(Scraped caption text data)
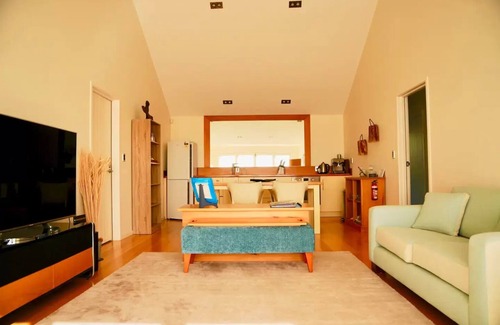 Te Ngaire Casa | The Retreat: Luxury private hillside beach villa @ Te Ngaere Bay - 2 bedroom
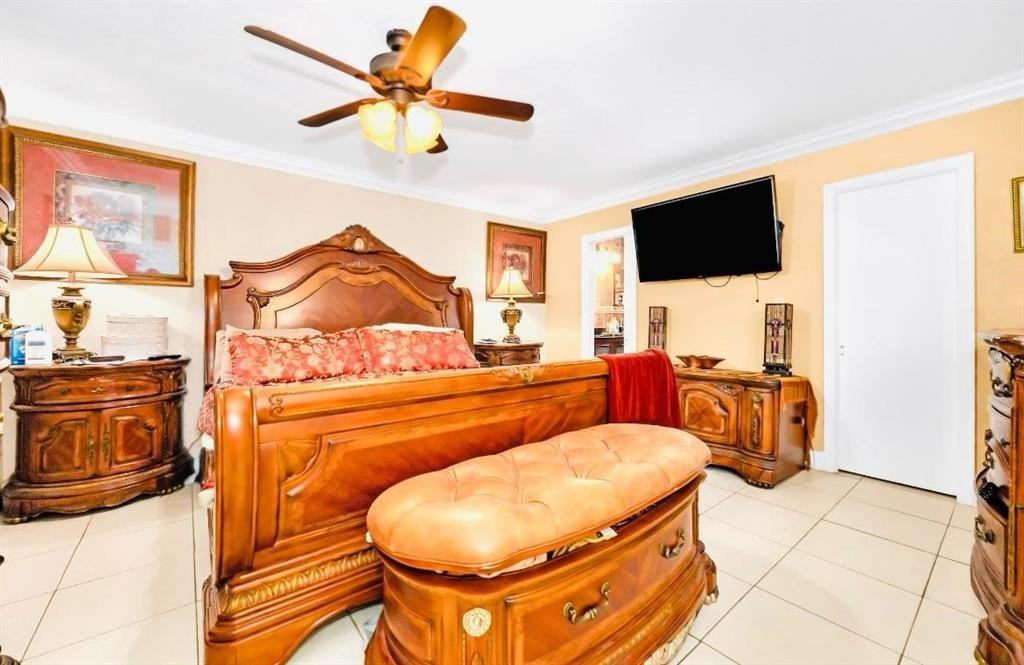 5101 Sw 6th Pl #5101 - Photo 2 of 6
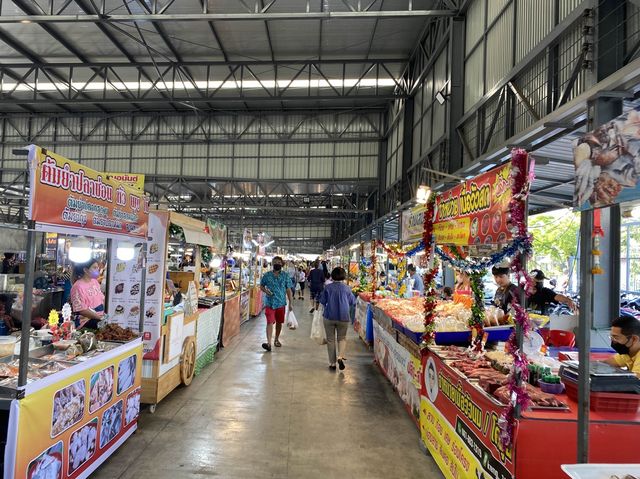 เดินตลาดนัดบุญอนันต์ ตลาดเย็นสงประภา ดอนเมือง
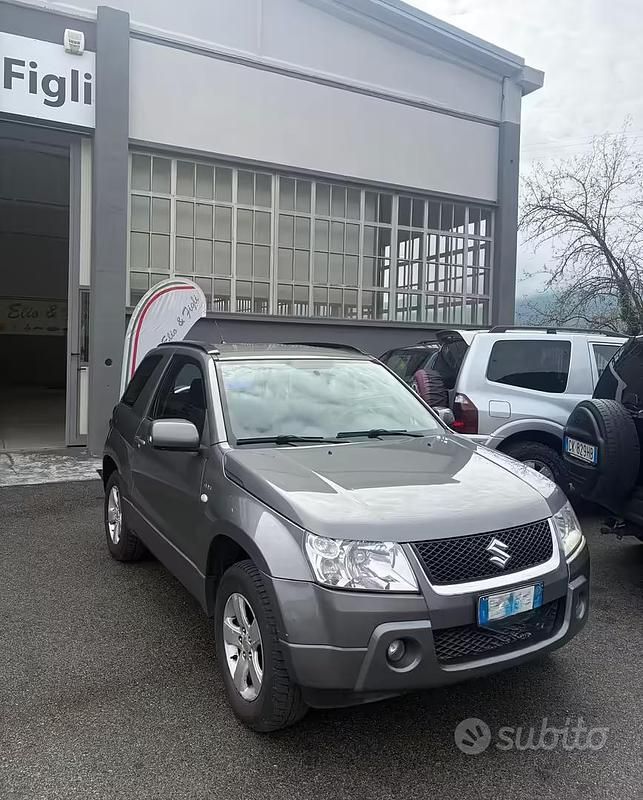 Usata Suzuki Grand Vitara 129 CV (94 kW) 2008 Grigio SUV
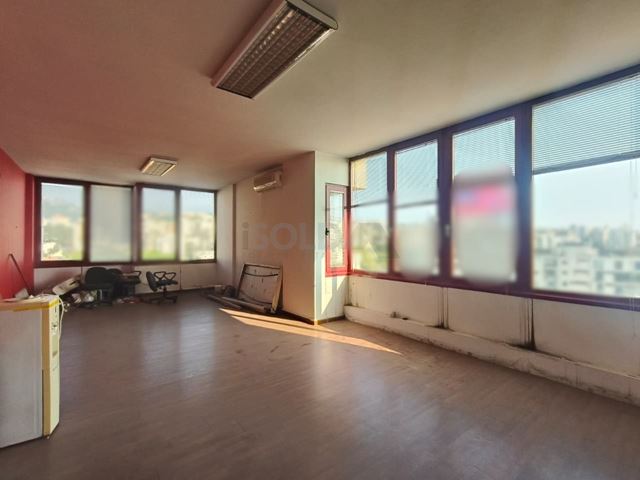 Sea-view office for rent in Kaslik, Keserwan - photo 2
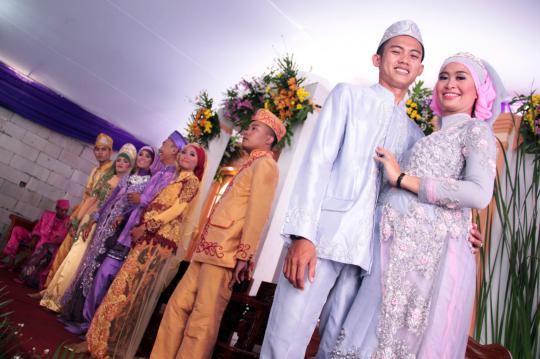 Uniknya resepsi pernikahan lima pasang pengantin di Mampang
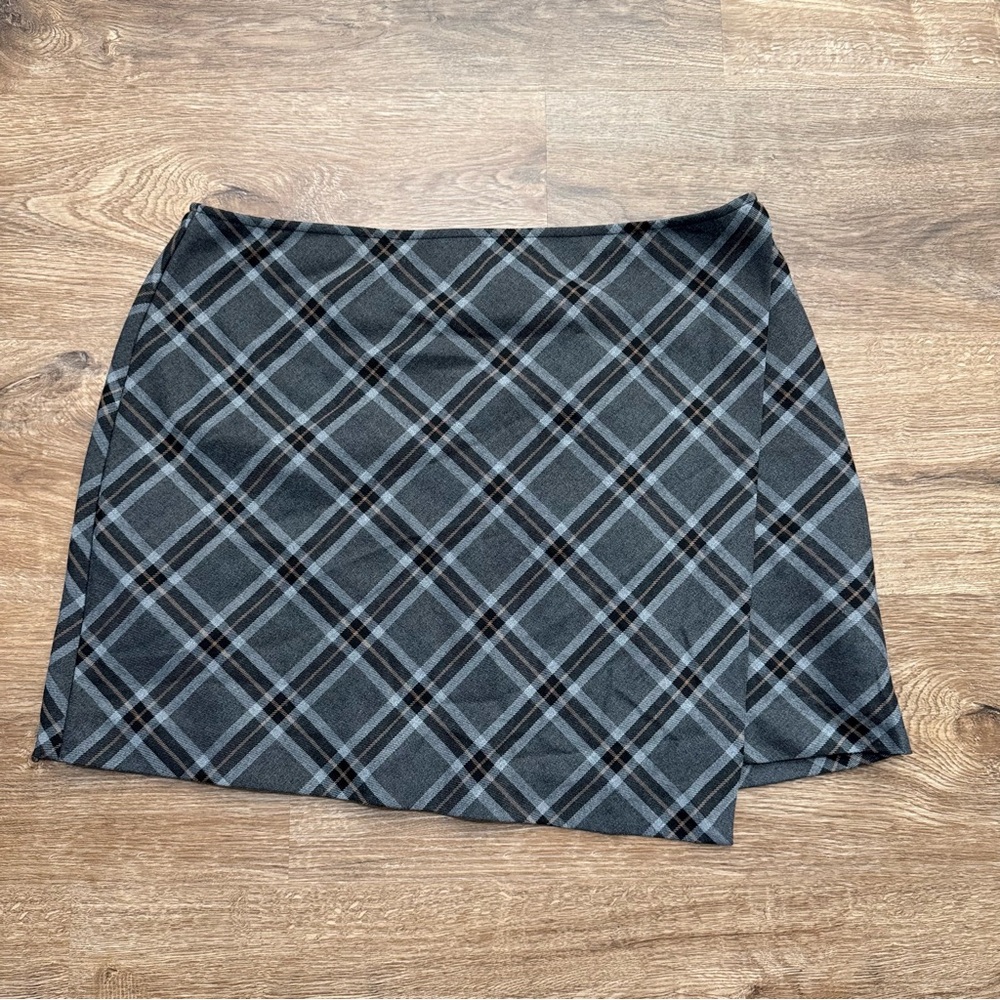 Glassons Black and Gray Plaid Mini Wrap Skirt Size‎ 14 Fall Winter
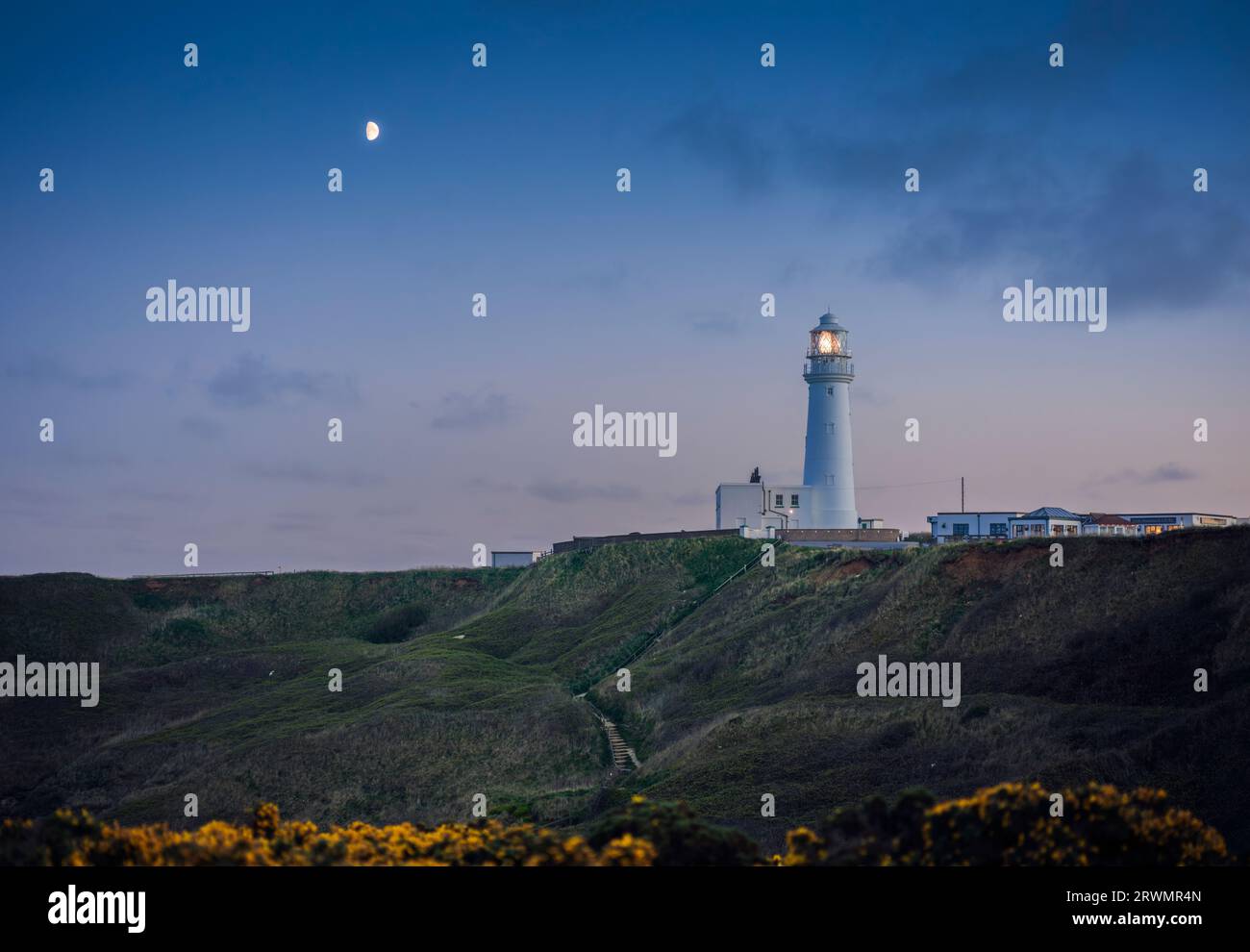 Faro di Flamborough al crepuscolo (prima del 2022), subito dopo l'accensione della luce, pronto per la notte. Foto Stock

**TASK TO COMPLETE:** The line containing "Glassons Black and" and all lines after it, through the last line of the records, should be returned exactly. Omit the pictures.

**FINISHED EXERCISE:**
 Glassons Black and Gray Plaid Mini Wrap Skirt Size‎ 14 Fall Winter
 Faro di Flamborough al crepuscolo (prima del 2022), subito dopo l'accensione della luce, pronto per la notte. Foto Stock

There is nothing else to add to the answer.